On Monday, Sept. 21, three days after Ginsburg's death, Barrett met with Trump, Vice President Pence, Cipollone and Meadows in Washington, where Trump offered her the nomination and she accepted — pending vetting.

What Barrett would recuse herself from

Barrett said she'd recuse herself from cases involving her husband, Jesse Barrett, and her sister Amanda Coney Williams, both attorneys. She also said she'd recuse herself from those cases involving Notre Dame, where she taught law, and from matters in which she participated in while a judge on the court of appeals.

But it is what's not in the list of recusals that's more interesting: Barrett did not say she would recuse herself from cases related to the outcome of November's presidential election.
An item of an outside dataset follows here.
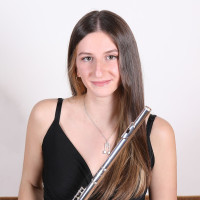 Clases particulares de flauta travesera: niveles de iniciación, escuela de música, elemental, o profesional.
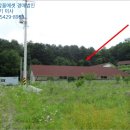 상동천교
Trump has made Barrett's confirmation a key election issue, noting that a full complement of nine justices should hear the case if the election is legally challenged. Senate Democrats have called for Barrett to publicly recuse herself from any election-related cases before the court because of Trump's comments. Her silence on the matter is likely to add to their uneasiness about her nomination.

Role in Bush v. Gore case

Barrett previously provided "briefing and research" assistance in Bush v. Gore, the Supreme Court case that decided the 2000 election, while she worked as an associate at Baker Botts, the law firm that represented then-Texas Gov. George W. Bush.
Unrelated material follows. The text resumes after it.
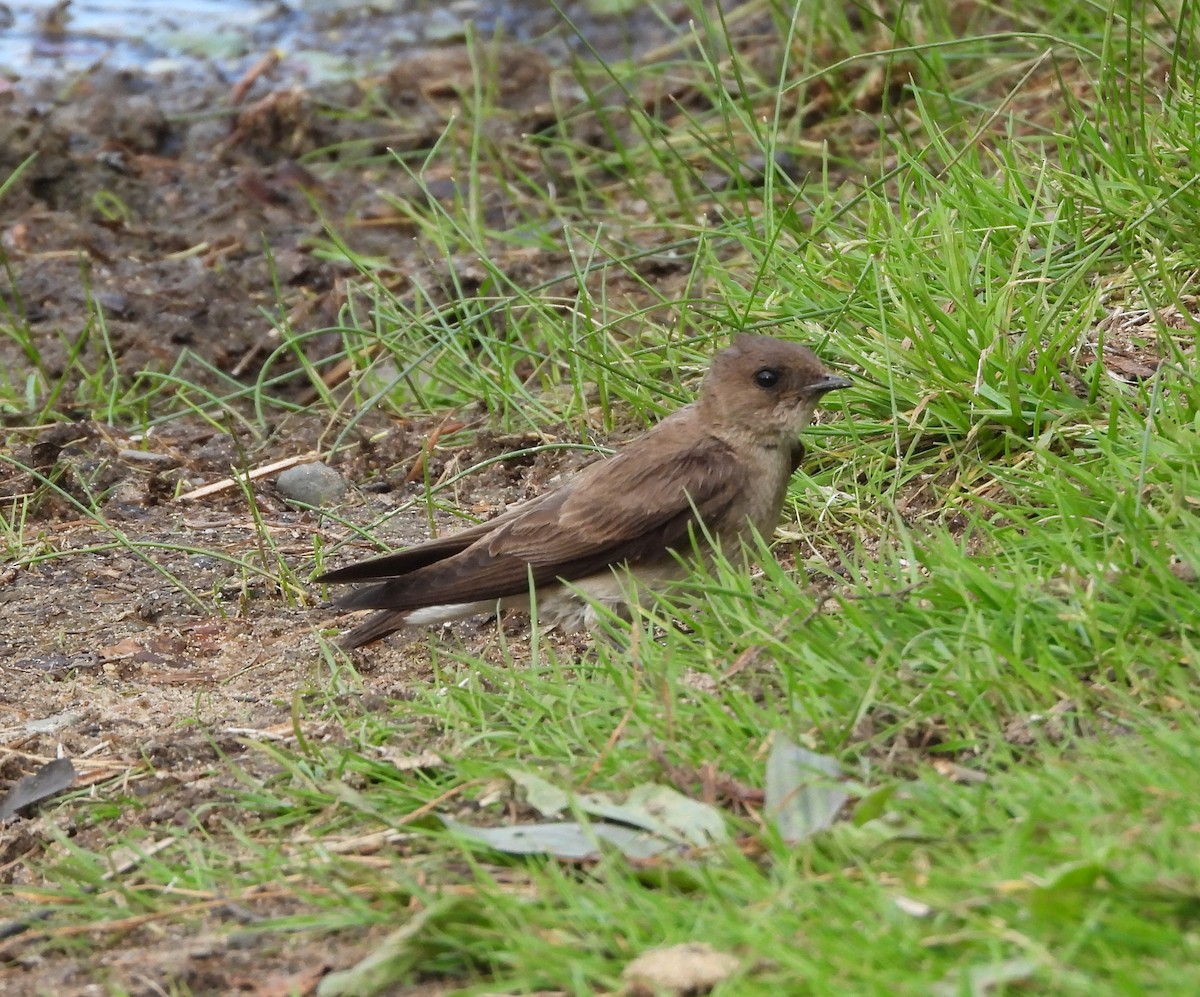 Northern Rough-winged Swallow - ML619817088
"I worked on the case on location in Florida for about a week at the outset of the litigation," Barrett wrote in her questionnaire. "I worked with Stuart Levy, a partner at the firm, while the case was in Florida courts. I did not continue working on the case after my return to Washington."

The Supreme Court ultimately decided the case in Bush's favor.
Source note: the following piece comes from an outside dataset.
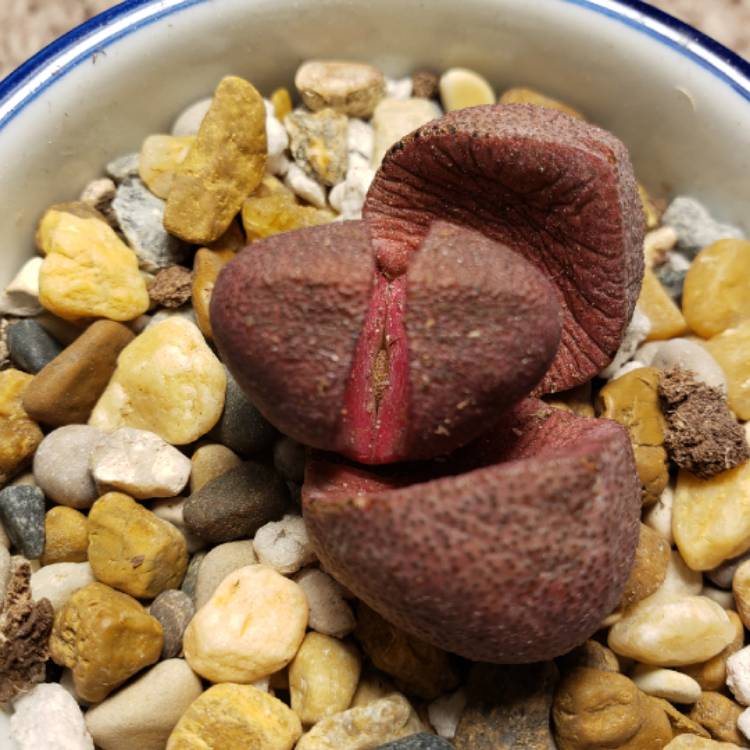 plant image 1236613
Speaking engagements with conservative groups

Barrett has a long history of talking to conservative groups that share her philosophy.

Her questionnaire lists a total of 25 appearances before the conservative Federalist Society, whose leaders helped Trump screen his potential nominees for the Supreme Court, including this one. Sixteen of Barrett's Federalist Society appearances occurred after she became a federal judge in November 2017.

In terms of her other speaking engagements, she has spoken multiple times before the Blackstone Legal Fellowship, a Christian group run by the Alliance Defending Freedom, the organization that represented a funeral home in a pivotal LGBT employment-discrimination case that came before the Supreme Court in the 2019-2020 court term.

According to its website, the Alliance Defending Freedom, or ADF, was founded in 1993 with the stated goal of advocating, training and funding legal cases on the issues of "religious freedom, sanctity of life, and marriage and family."

When asked in 2017 during her confirmation hearings for the 7th Circuit about her connection to the group and its anti-LGBTQ worldview, Barrett replied: "I would never impose my own personal convictions upon the law."

Previous disclosure forms show that between 2015 and 2017, when she became a judge, Barrett received $4,200 in honoraria from the ADF and $7,000 from the Federalist Society, and she went on 10 Federalist society-funded trips.

Fix The Court, a non-partisan judicial watchdog group, reports that Barrett's most recent financial disclosure form in 2019 listed investments of $3.1 million, in addition to her ownership of two homes in South Bend, Ind., one that she lives in with her family, and another that has, in the past, been rented out.